● WHAT IS REQUIRED: Your answer must be the exact lines of the listing below that run from the line with "Citroen-DS-11CV-HY - Startmotor" to the line with "Used 2021 Ford", ends included, and no pictures.

● DATASET:
━━━
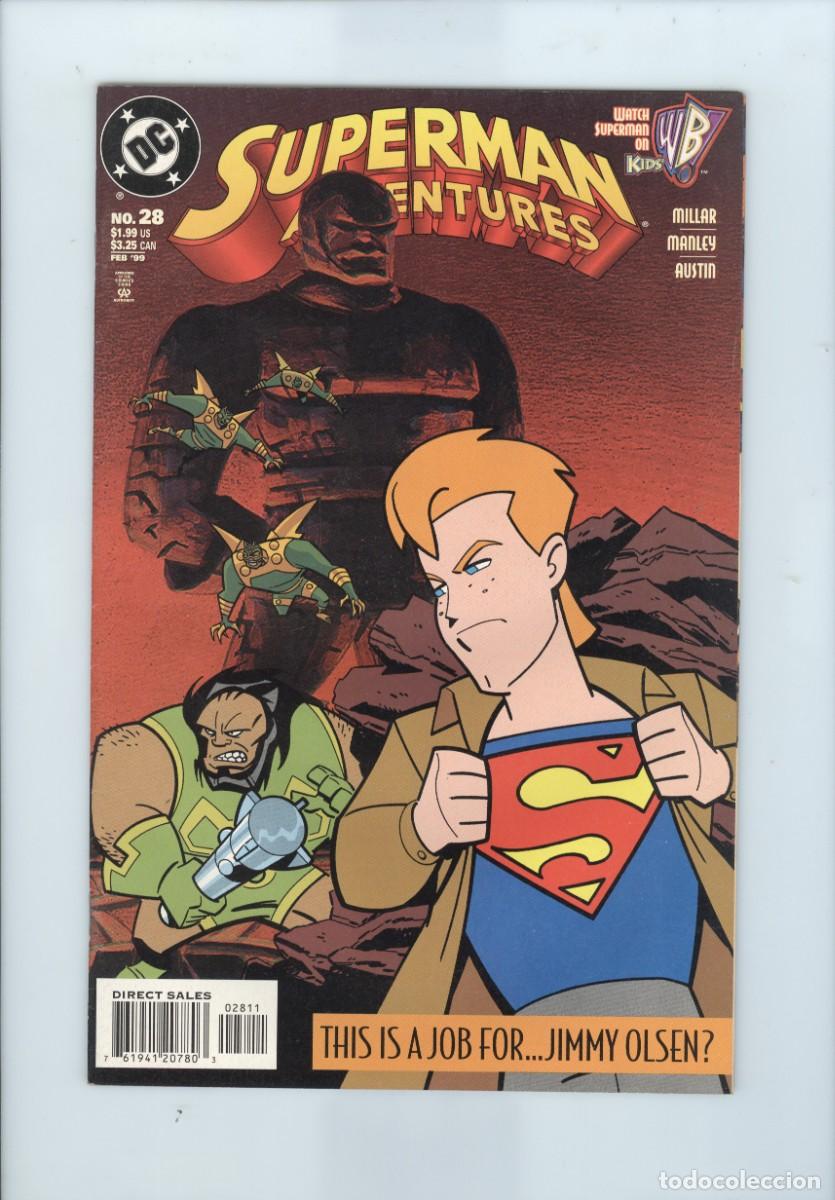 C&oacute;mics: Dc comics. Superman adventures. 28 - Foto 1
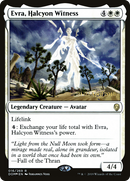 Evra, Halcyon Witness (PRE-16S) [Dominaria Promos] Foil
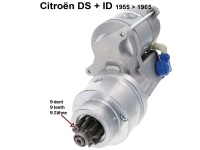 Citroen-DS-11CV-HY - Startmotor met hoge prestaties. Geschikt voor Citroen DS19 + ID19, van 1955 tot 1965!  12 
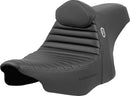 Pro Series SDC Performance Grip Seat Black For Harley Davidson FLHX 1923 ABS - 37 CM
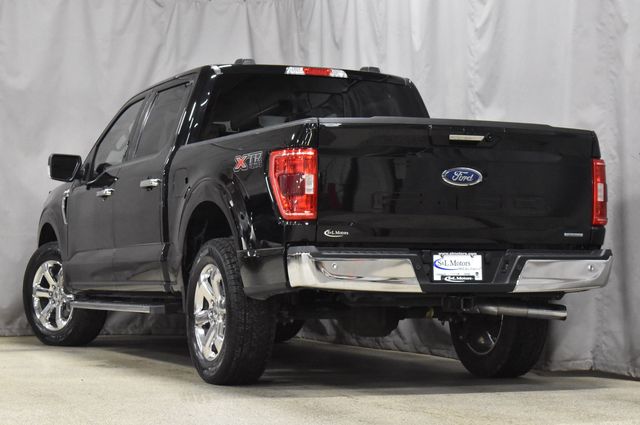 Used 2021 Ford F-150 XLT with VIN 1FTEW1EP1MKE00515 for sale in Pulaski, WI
━━━
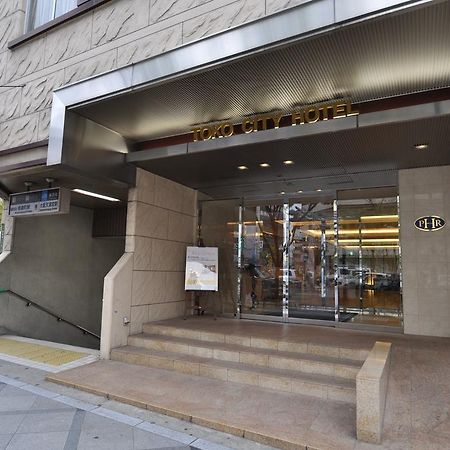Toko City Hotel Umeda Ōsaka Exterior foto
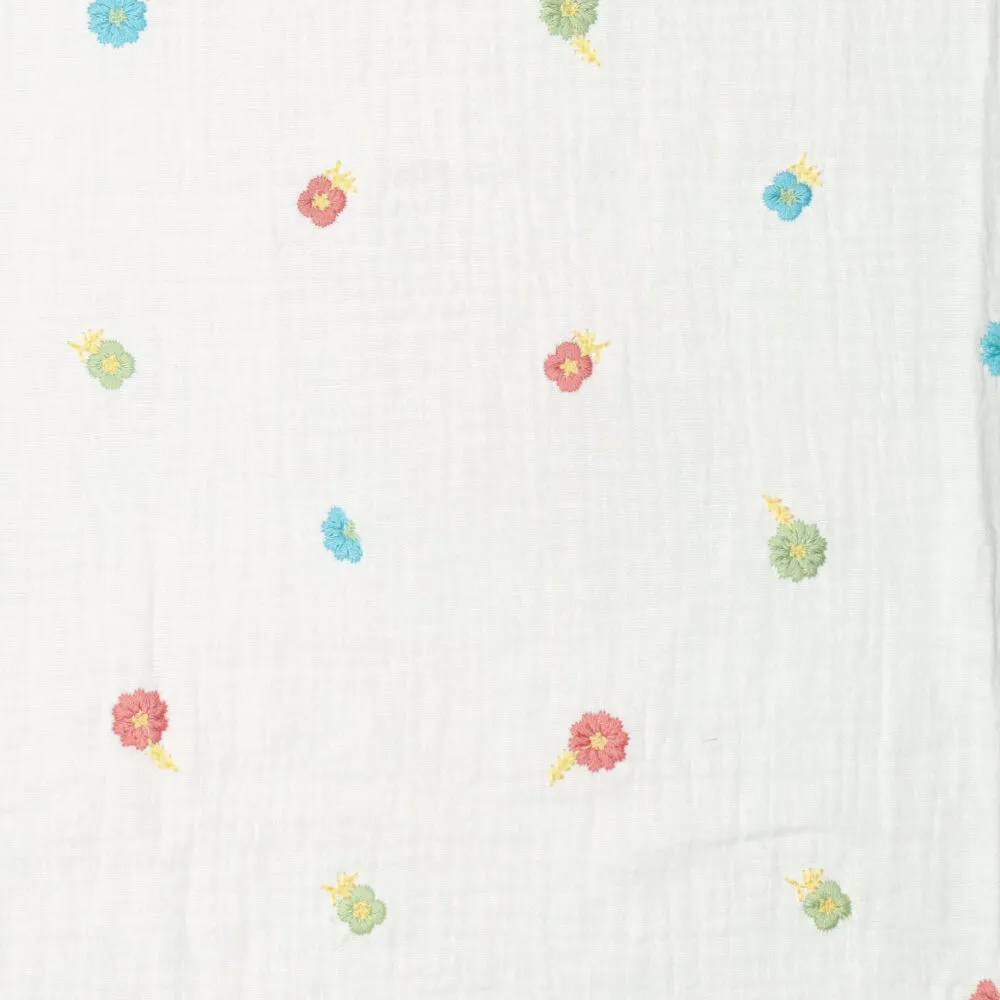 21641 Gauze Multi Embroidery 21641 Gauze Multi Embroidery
━━━
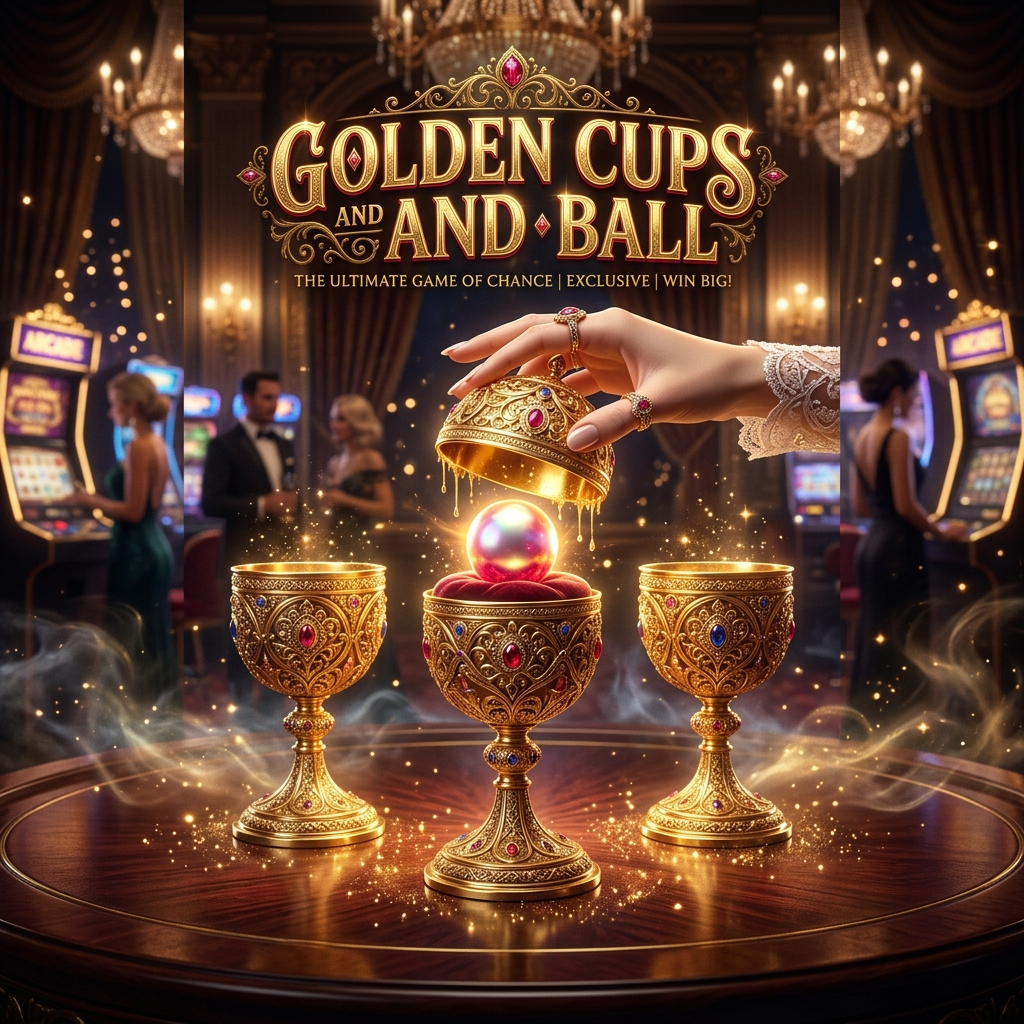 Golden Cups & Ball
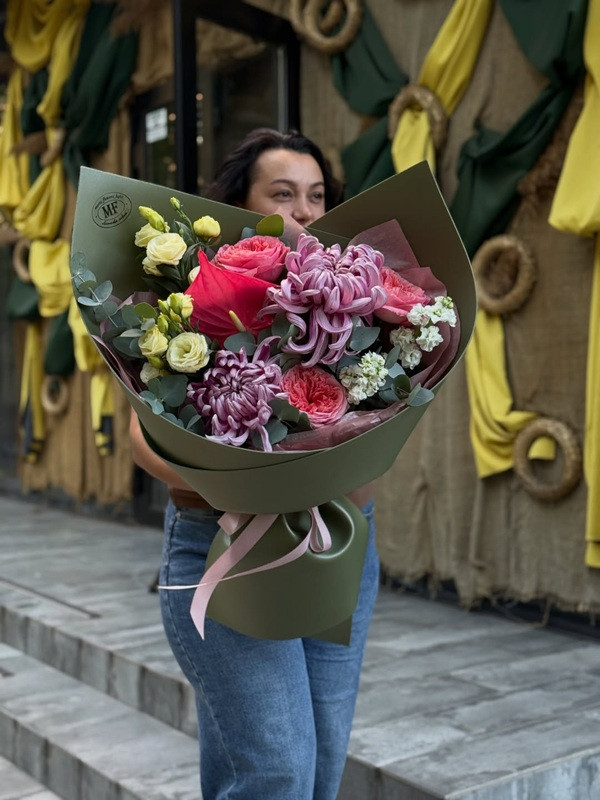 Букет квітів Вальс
━━━
● RESULT:
 Citroen-DS-11CV-HY - Startmotor met hoge prestaties. Geschikt voor Citroen DS19 + ID19, van 1955 tot 1965!  12 
 Pro Series SDC Performance Grip Seat Black For Harley Davidson FLHX 1923 ABS - 37 CM
 Used 2021 Ford F-150 XLT with VIN 1FTEW1EP1MKE00515 for sale in Pulaski, WI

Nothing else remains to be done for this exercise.